Data for this task:
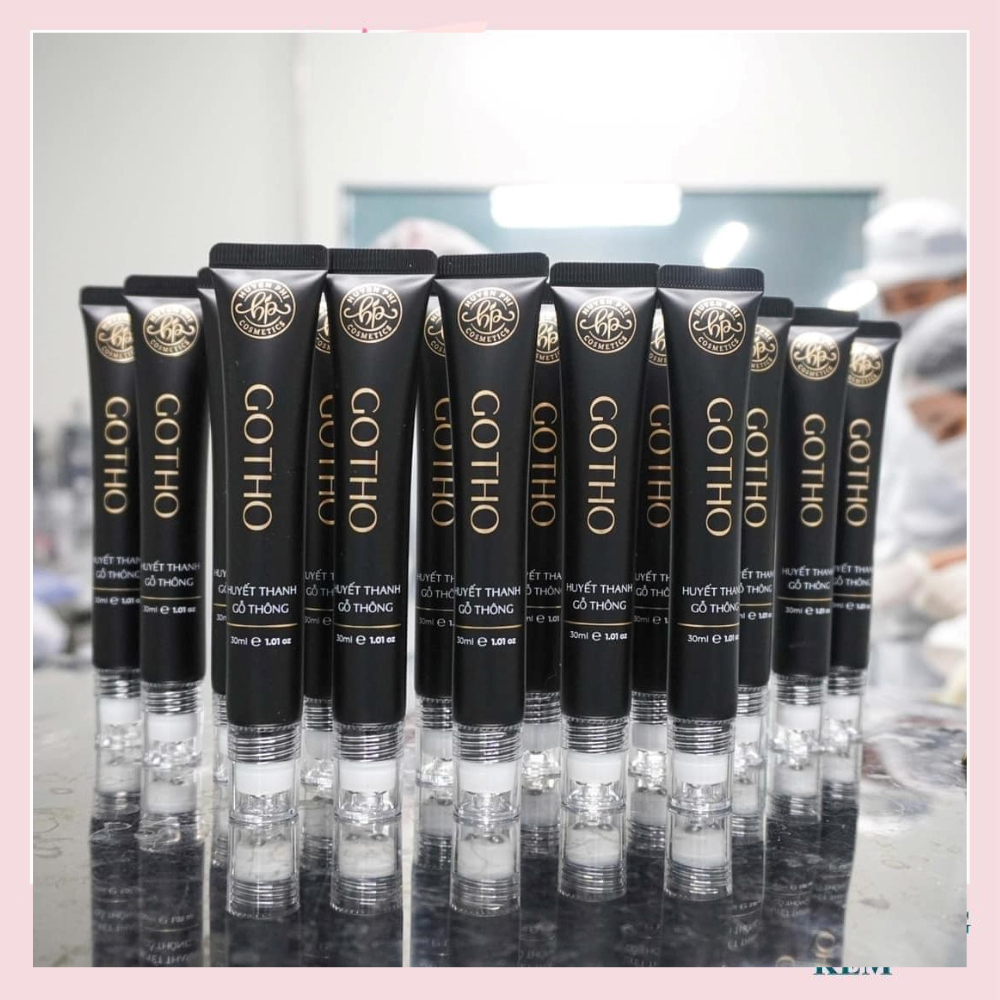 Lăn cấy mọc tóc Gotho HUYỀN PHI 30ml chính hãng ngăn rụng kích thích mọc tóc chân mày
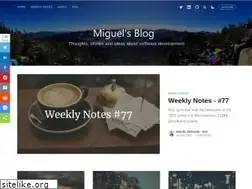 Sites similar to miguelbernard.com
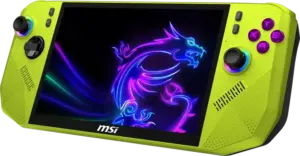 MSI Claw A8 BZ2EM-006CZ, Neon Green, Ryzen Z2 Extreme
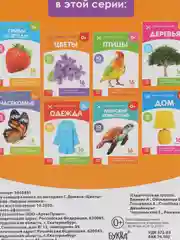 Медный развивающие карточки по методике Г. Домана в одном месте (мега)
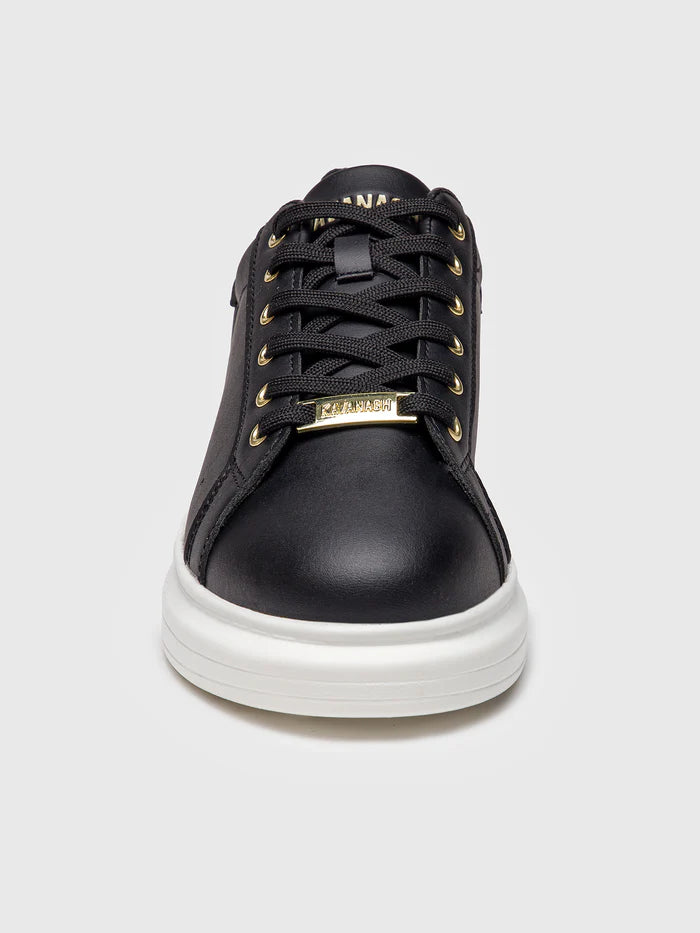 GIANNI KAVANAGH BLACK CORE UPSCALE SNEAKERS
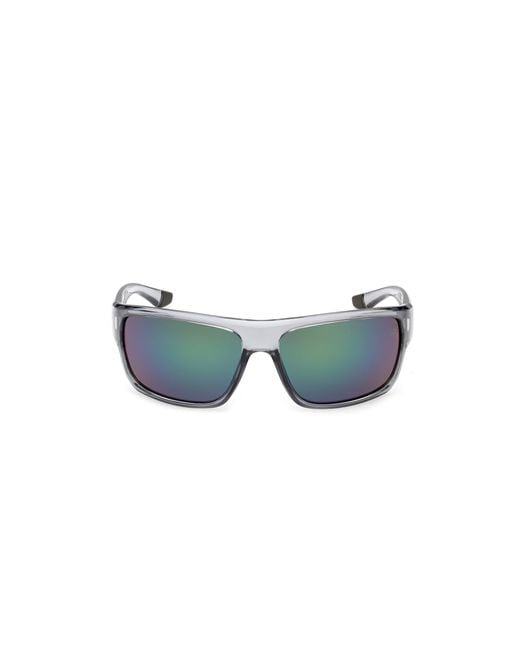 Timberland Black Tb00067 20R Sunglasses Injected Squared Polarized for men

Task item: Leave every picture out and copy precisely the lines from the one containing "MSI Claw A8" through the last line of the data above, both ends included.

Response to the exercise:
 MSI Claw A8 BZ2EM-006CZ, Neon Green, Ryzen Z2 Extreme
 Медный развивающие карточки по методике Г. Домана в одном месте (мега)
 GIANNI KAVANAGH BLACK CORE UPSCALE SNEAKERS
 Timberland Black Tb00067 20R Sunglasses Injected Squared Polarized for men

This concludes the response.